▶ Dataset excerpt
· · · · · · ·

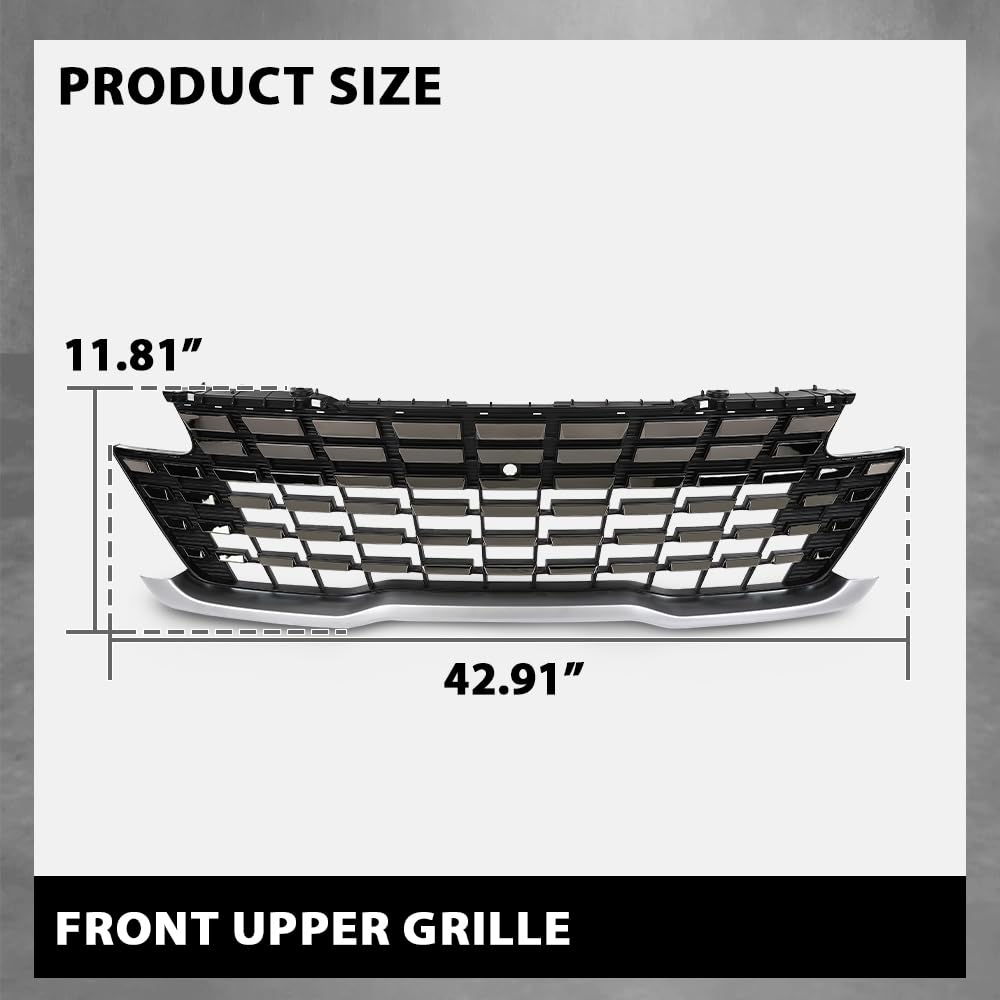 G-PLUS Front Upper Grille With Chrome Trim W/Camera Hole Compatible with Kia Carnival 2022-2024 86350R0110, 86350-R0110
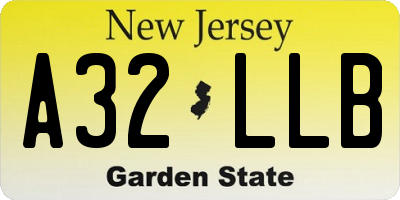 NJ license plate A32LLB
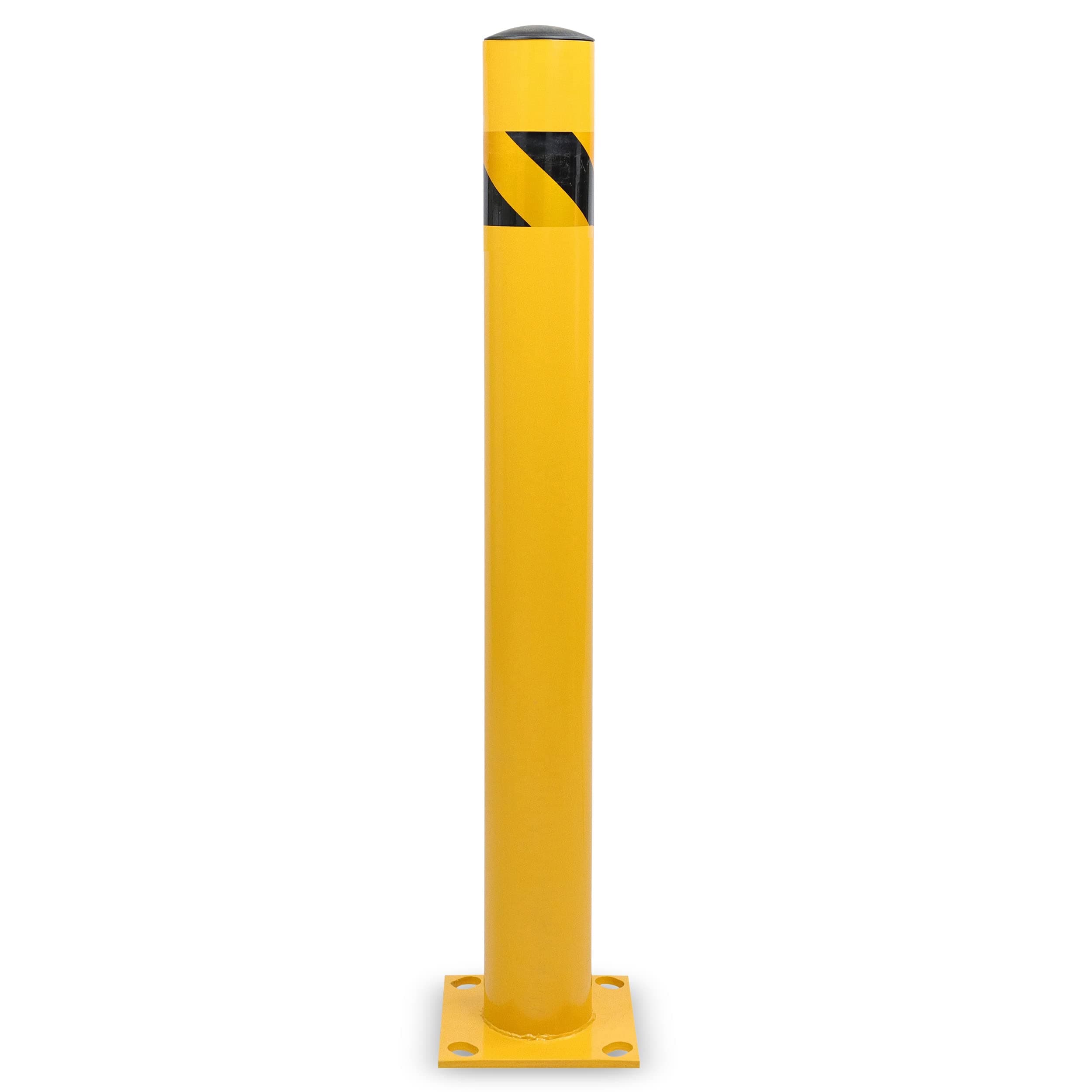 BISupply Parking Bollard – 42in Street Bollard Parking Post, Metal Sign Posts Steel Safety Bollard Traffic Pole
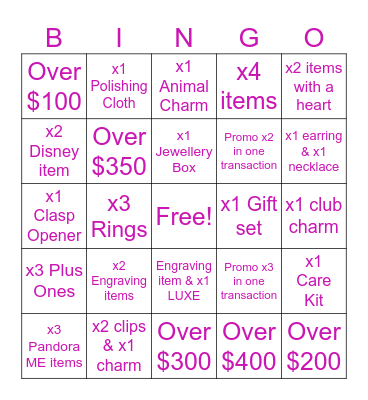 BINGO (Each square is one transaction) Bingo Card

· · · · · · ·

▶ Work to be completed
Without any pictures, write out the lines running from the one containing "BISupply Parking Bollard" through the end of the listing above, both included, exactly as given.

▶ Output of the exercise
 BISupply Parking Bollard – 42in Street Bollard Parking Post, Metal Sign Posts Steel Safety Bollard Traffic Pole
 BINGO (Each square is one transaction) Bingo Card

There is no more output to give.